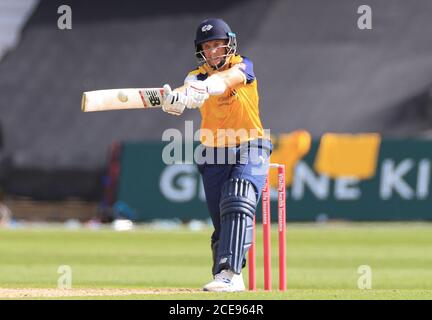 Yorkshire Vikings' Joe Root beim Vitality T20 Blast Match in Trent Bridge, Nottingham. Stockfoto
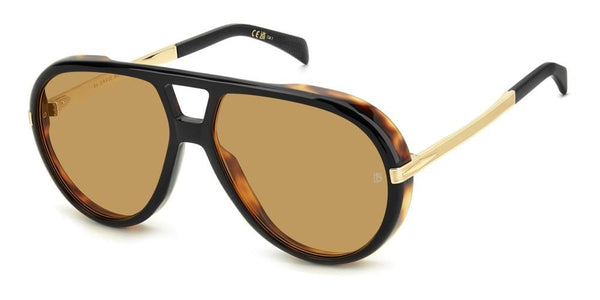 DAVID BECKHAMDavid Beckham DB 99/VOYAGER XWY/VS 61 Men's Sunglasses - Black Havana/Gold Frame, Orange High Contrast LensesEYEWEAREcecile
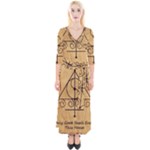Only Good Shall Enter This House Quarter Sleeve Wrap Maxi Dress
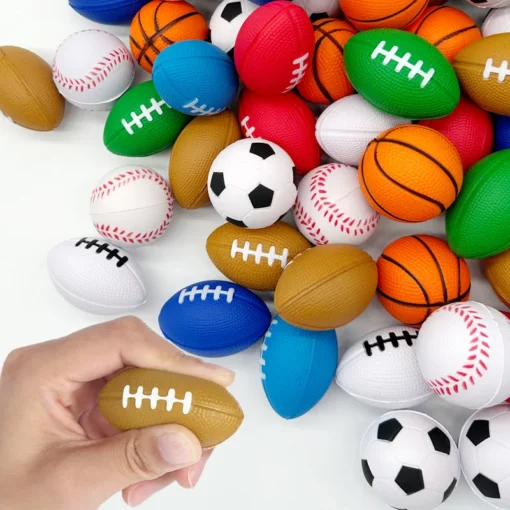Mini Toy Stress Ball Set with Basketball and Soccer Design for Kids and Sports Enthusiasts - Image 7
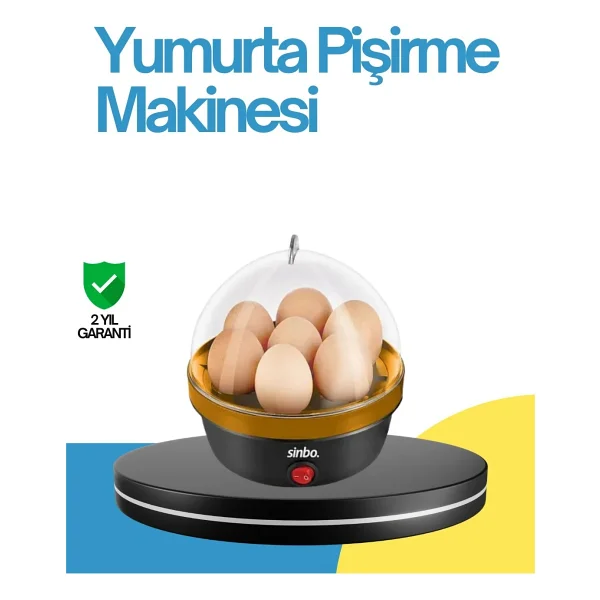 Astraltech 7 Yumurta Kapasiteli Yumurta Pişirme Makinesi Rafadan Orta Ve Katı - Görsel 2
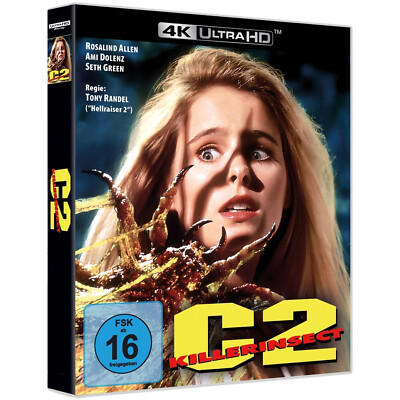 4K - C2 - KILLERINSECT 1993 Tony Randel ( Hellraiser 2 )  INFESTED Ticks Blu-Ray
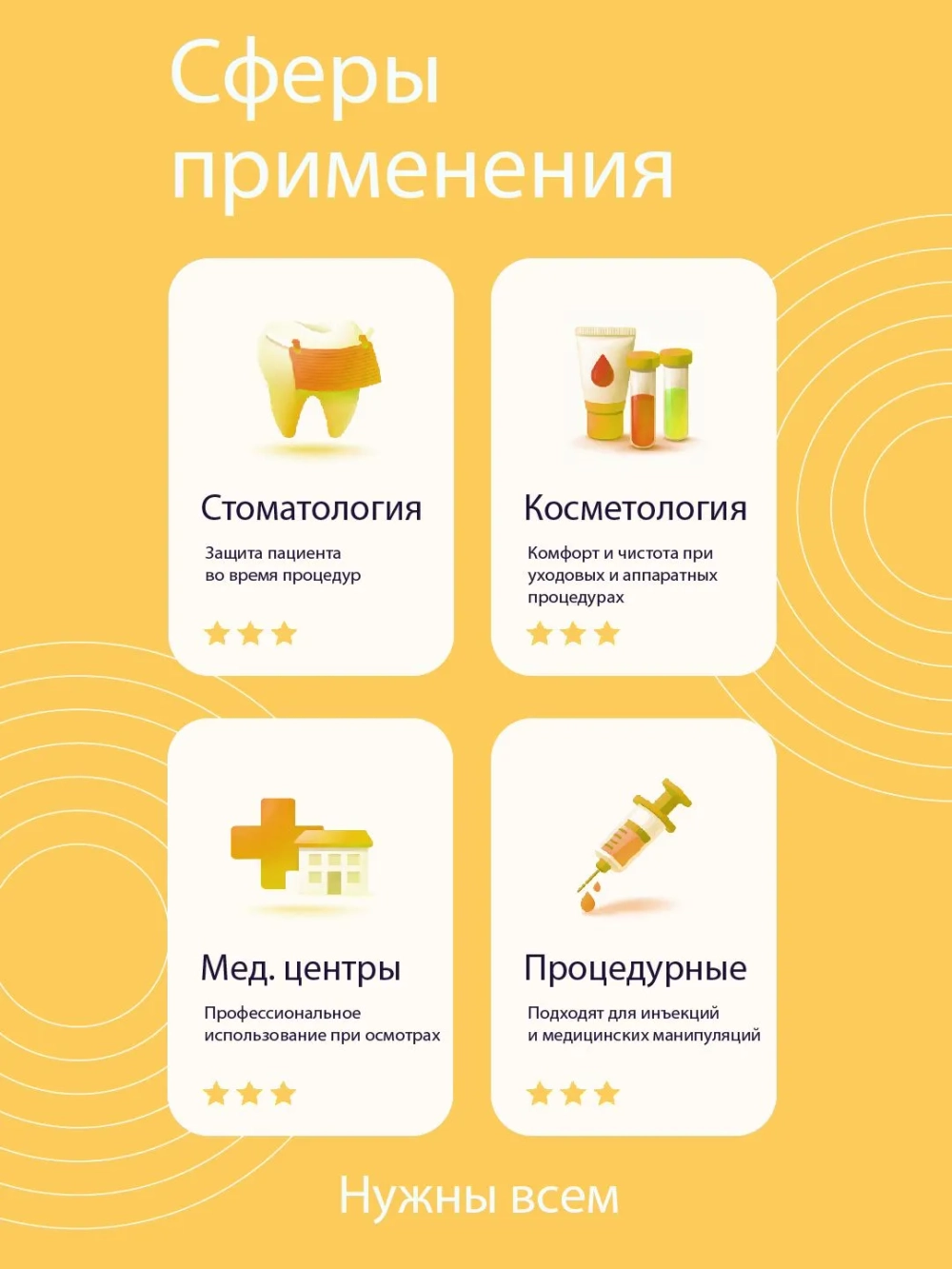 Салфетки нагрудные "Кристидент" 500шт. - ПРЕМИУМ, (3-слой.) 33х45см, Лимонные,  НДС 10%
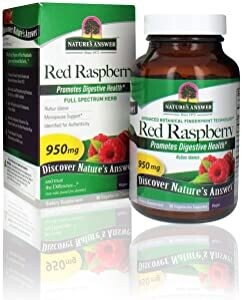 Natures Answer, Kosher Red Raspberry 950 mg - 90 Vegetarian Capsules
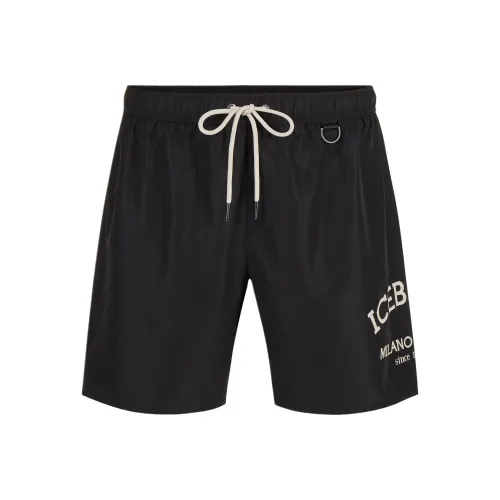 Цвет айсберга черные мужские плавательные шорты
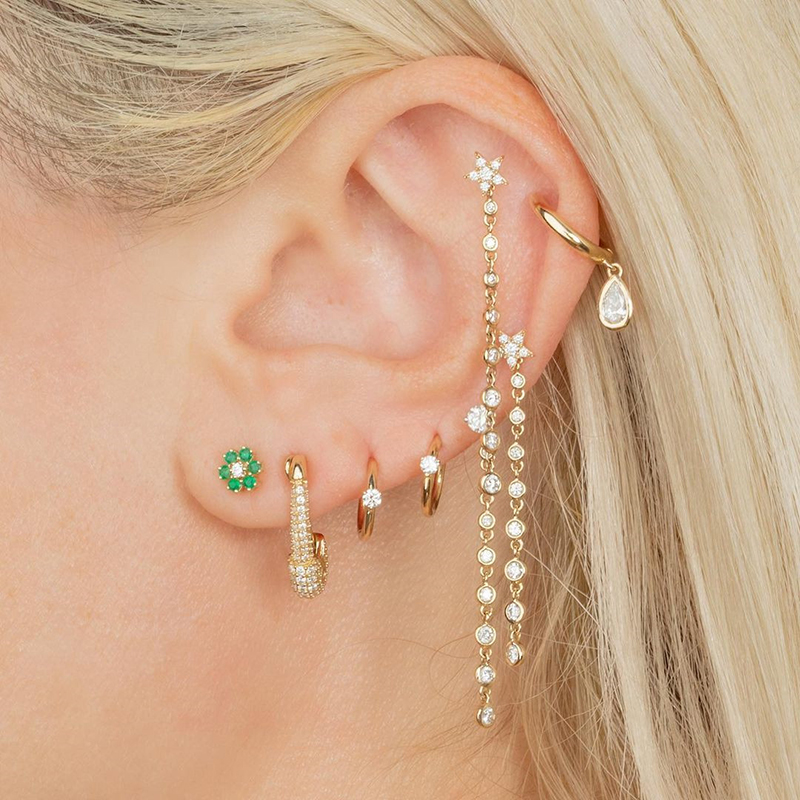 CRMYA-pendientes circulares de - Conch Earring Hoop reseña y precio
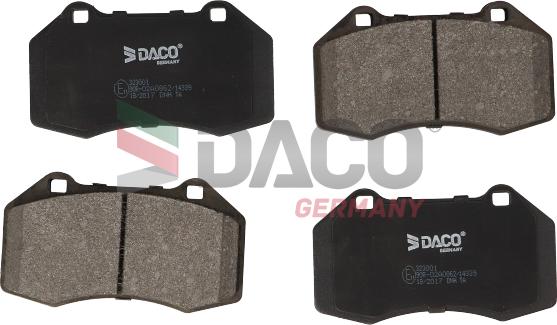 DACO Germany 323001 - Kit de plaquettes de frein, frein à disque cwaw.fr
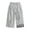 A-Light Gray196, variant on Wrap Belt Wide Leg Cropped Pants for Men Print Motif Street Asian Trousers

........

Task to complete:
Please transcribe exactly the lines from the start of the records through the line containing "4K - C2 - KILLERINSECT", leaving the pictures out.

Written response:
 Yorkshire Vikings' Joe Root beim Vitality T20 Blast Match in Trent Bridge, Nottingham. Stockfoto
 DAVID BECKHAMDavid Beckham DB 99/VOYAGER XWY/VS 61 Men's Sunglasses - Black Havana/Gold Frame, Orange High Contrast LensesEYEWEAREcecile
Only Good Shall Enter This House Quarter Sleeve Wrap Maxi Dress
Mini Toy Stress Ball Set with Basketball and Soccer Design for Kids and Sports Enthusiasts - Image 7
 Astraltech 7 Yumurta Kapasiteli Yumurta Pişirme Makinesi Rafadan Orta Ve Katı - Görsel 2
 4K - C2 - KILLERINSECT 1993 Tony Randel ( Hellraiser 2 )  INFESTED Ticks Blu-Ray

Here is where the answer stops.